Action item: Reproduce the records below exactly, but only between the lines holding "Apartamento no Edifício" and "Mercedes-Benz C 200, снимка", inclusive.

Data provided:

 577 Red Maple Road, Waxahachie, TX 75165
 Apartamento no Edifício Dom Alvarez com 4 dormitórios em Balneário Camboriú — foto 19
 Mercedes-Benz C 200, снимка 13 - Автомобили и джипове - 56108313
* * *
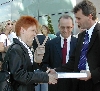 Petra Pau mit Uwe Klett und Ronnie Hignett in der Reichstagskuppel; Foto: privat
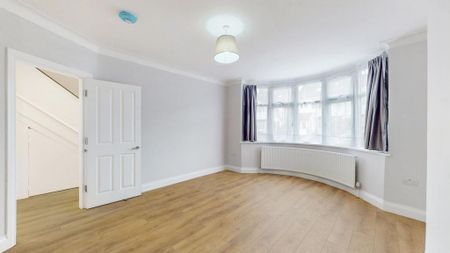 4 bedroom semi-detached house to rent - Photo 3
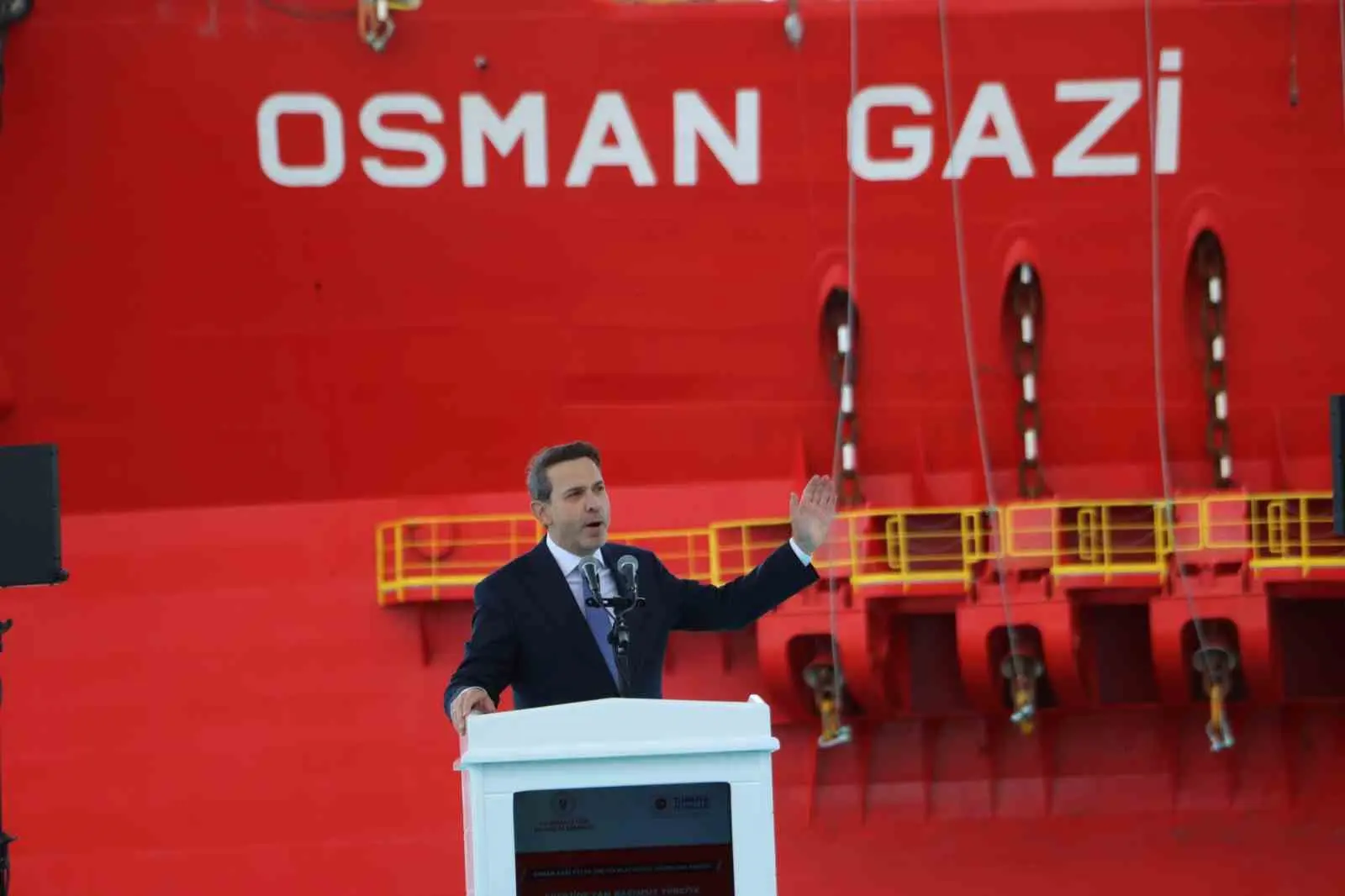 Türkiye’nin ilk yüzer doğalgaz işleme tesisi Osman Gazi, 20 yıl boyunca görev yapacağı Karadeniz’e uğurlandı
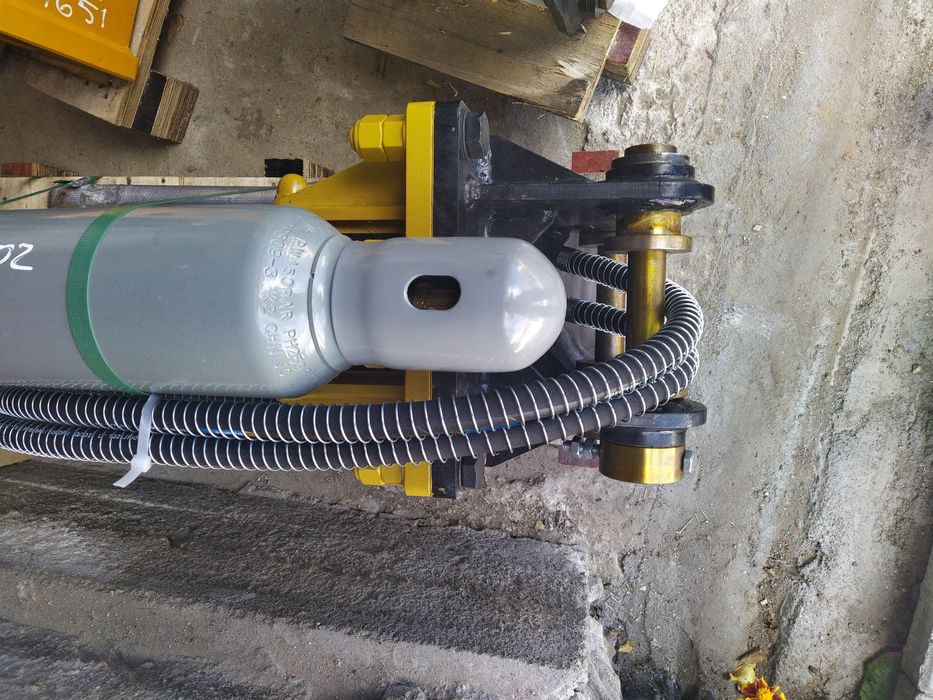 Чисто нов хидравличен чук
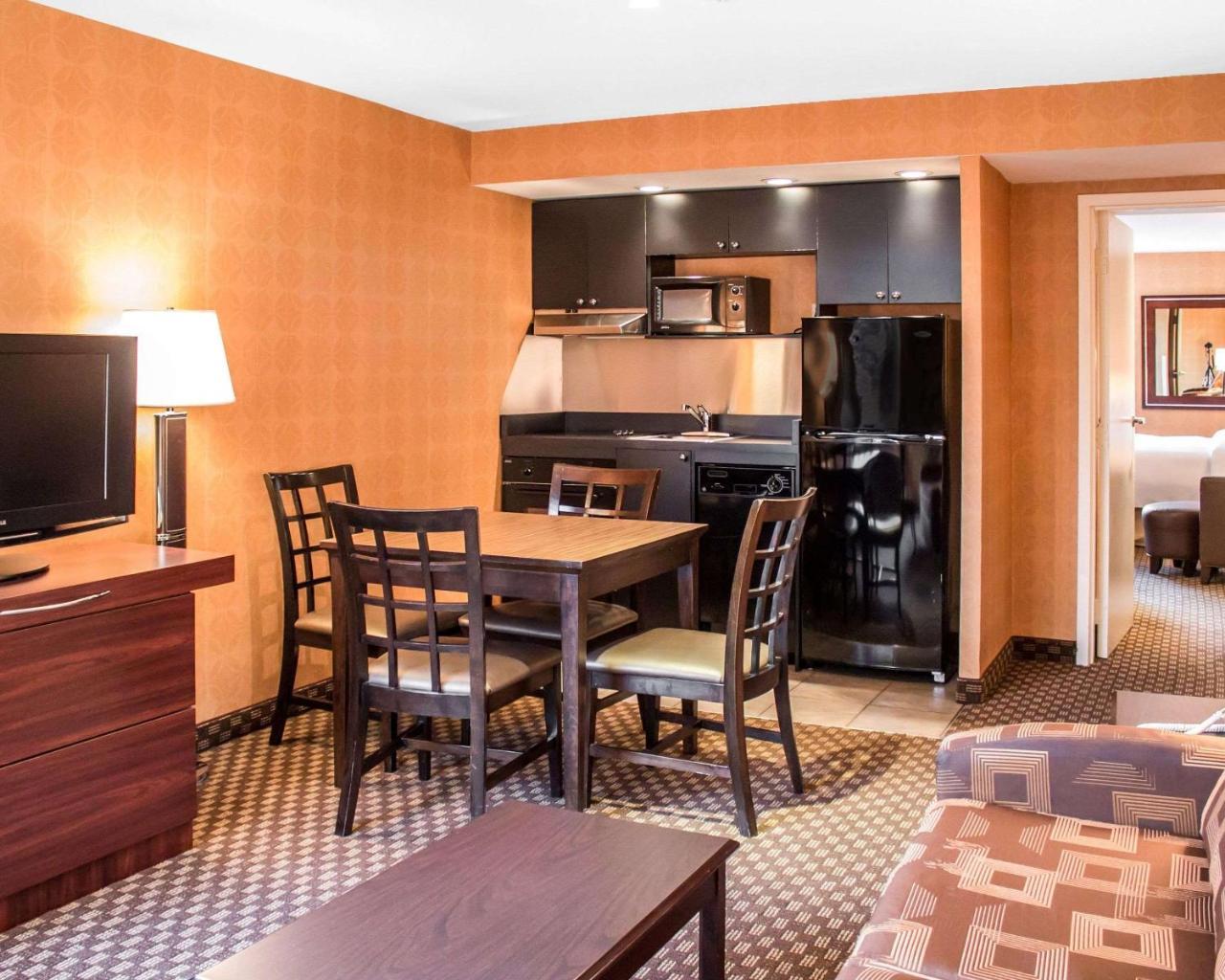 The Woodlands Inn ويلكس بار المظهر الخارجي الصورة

Your solution:
 Apartamento no Edifício Dom Alvarez com 4 dormitórios em Balneário Camboriú — foto 19
 Mercedes-Benz C 200, снимка 13 - Автомобили и джипове - 56108313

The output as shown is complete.